**TASK PROMPT**
Please output exactly the lines from the one containing "FontActiv 2.0 Café - 125 ml" through the end of the records below, leaving out any pictures.

____

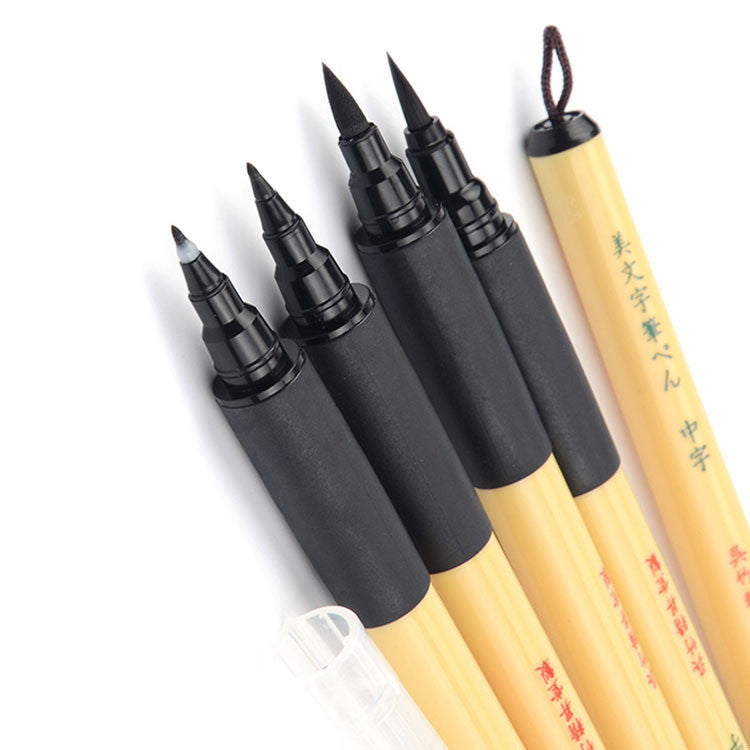 Beautiful Writing Calligraphy Practice Pen 0 - Tophatter Daily Deals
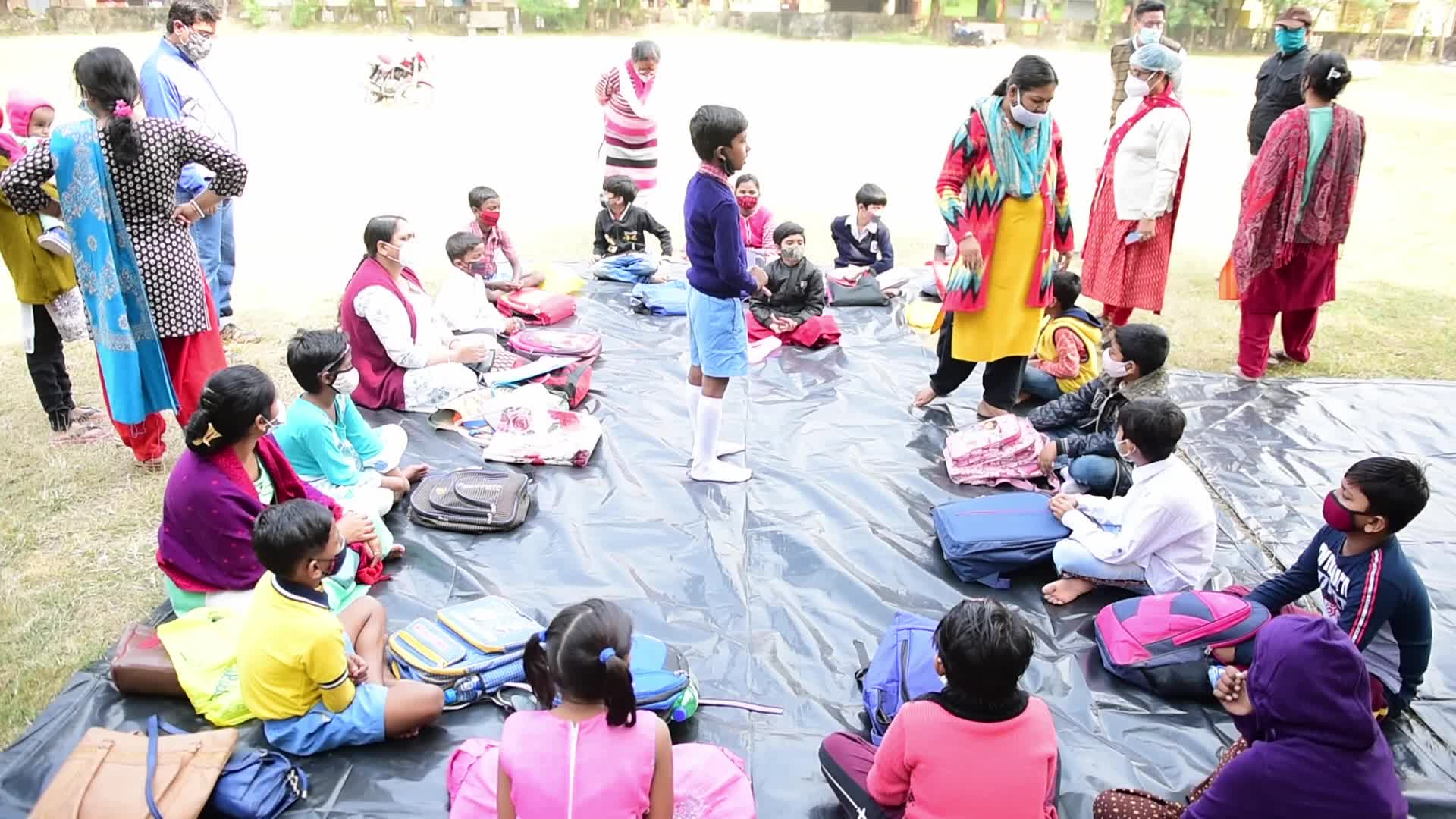 Neighbourhood School In Kolkata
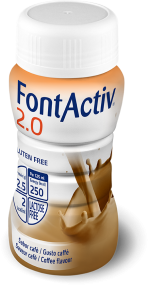 FontActiv 2.0 Café - 125 ml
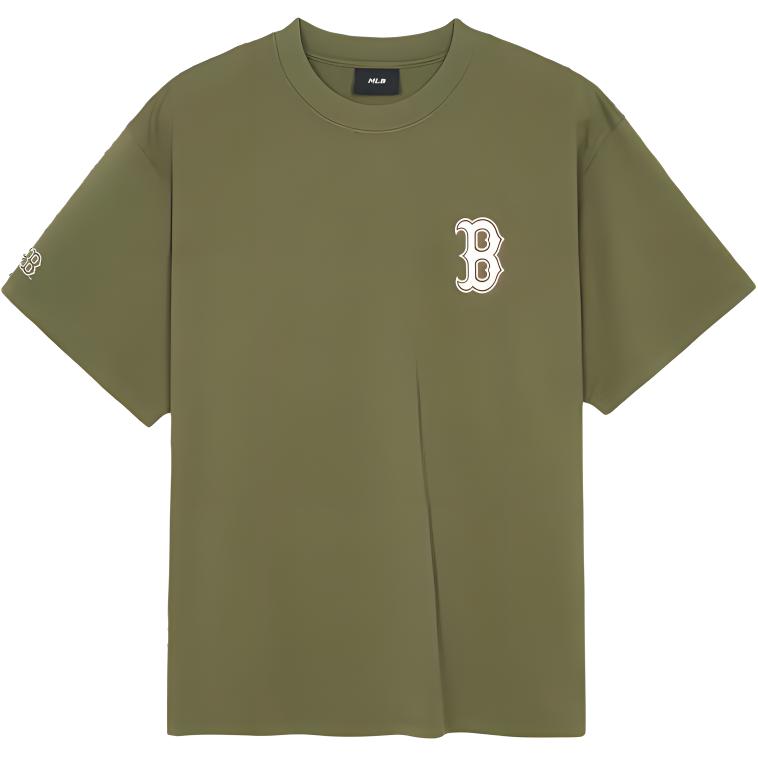 Футболка унисекс армейского зеленого цвета MLB, Зеленый, Футболка унисекс армейского зеленого цвета MLB
Футболка унисекс армейского зеленого цвета MLB, Зеленый, Футболка унисекс армейского зеленого цвета MLB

____

**OUTPUT OF THE TASK**
 FontActiv 2.0 Café - 125 ml
 Футболка унисекс армейского зеленого цвета MLB, Зеленый, Футболка унисекс армейского зеленого цвета MLB
Футболка унисекс армейского зеленого цвета MLB, Зеленый, Футболка унисекс армейского зеленого цвета MLB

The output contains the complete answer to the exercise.